InfoWorld: I'm looking at the blurb about an upcoming keynote you're presenting. It says, "C++ faces two challenges: helping programmers address the most demanding tasks in terms of performance, scale, and dependability. It also must help programmers be productive writing ordinary maintainable code." What can be done about these issues?
Stroustrup: I'm trying to explain the two things. One is to delve into efficient abstraction, efficient use of hardware, and the other one was simplifying writing new code, and with C++ 11 and C++ 14, there are some new facilities for that.
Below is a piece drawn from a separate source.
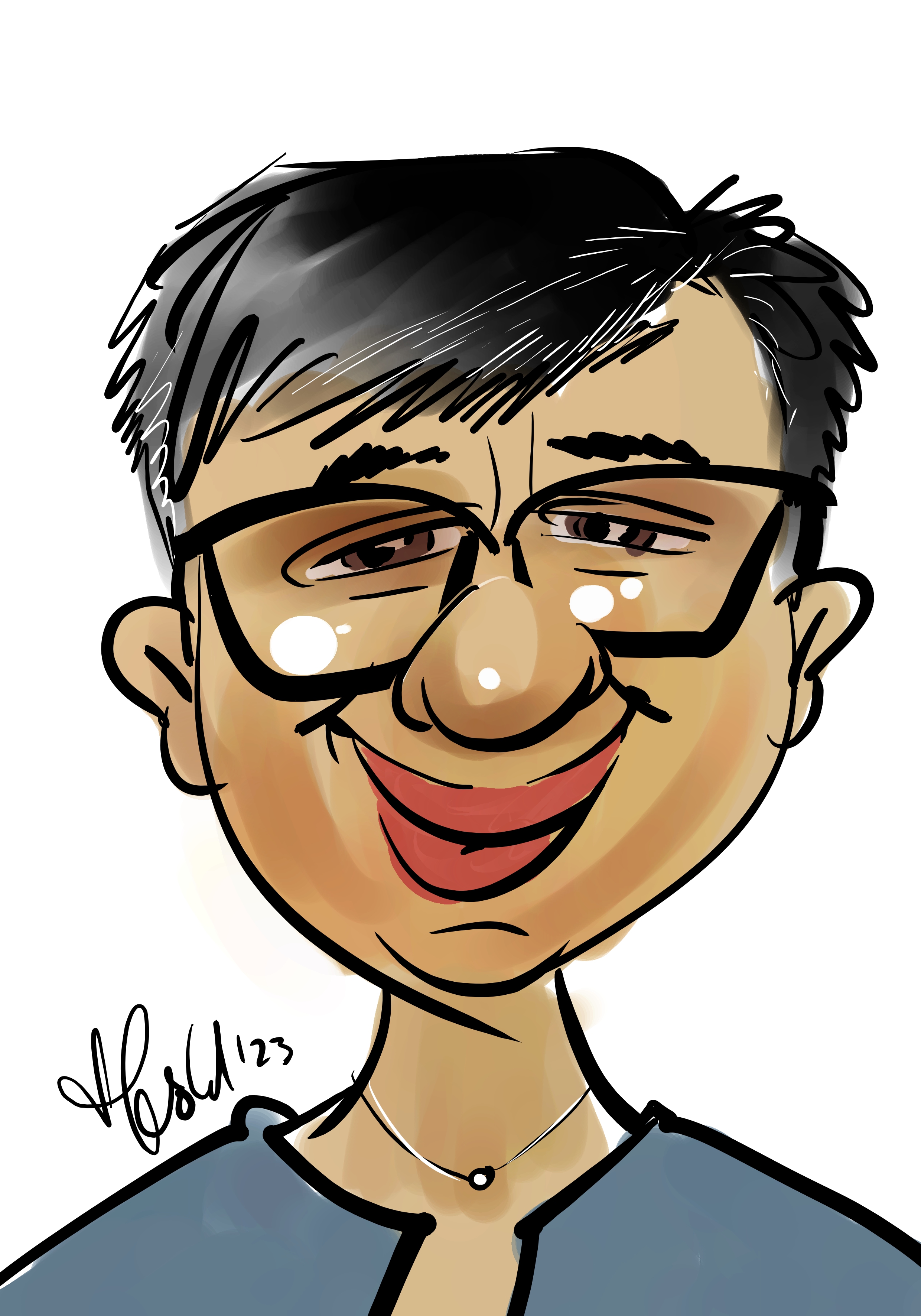 Karikatuur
There's a new minor edition of the standard coming out this year, which is what we refer to as C++ 14. It's already shipping from Clang and GCC. The way I describe it is that C++14 is completing the work we did for C++ 11. When you are shipping a big product, which C++ 11 was, there are some things don't make it in just because you have to ship. And there's a few things you can't get right until you have everything put together and try it. And C++ 14 is [offering] things like that that didn't make it into C++ 11.
Instead of just the lambdas we had in C++ 11, we now have generic lambdas, and the lambdas can capture using move semantics, things like that. These are fairly technical things -- function, return, type deduction goes on just like for lambdas. The "constexpr" functions functions -- functions that you can do at compile time -- can now contain simple For loops. We have variable templates, there's improvements in memory initialization. There's user-defined literals.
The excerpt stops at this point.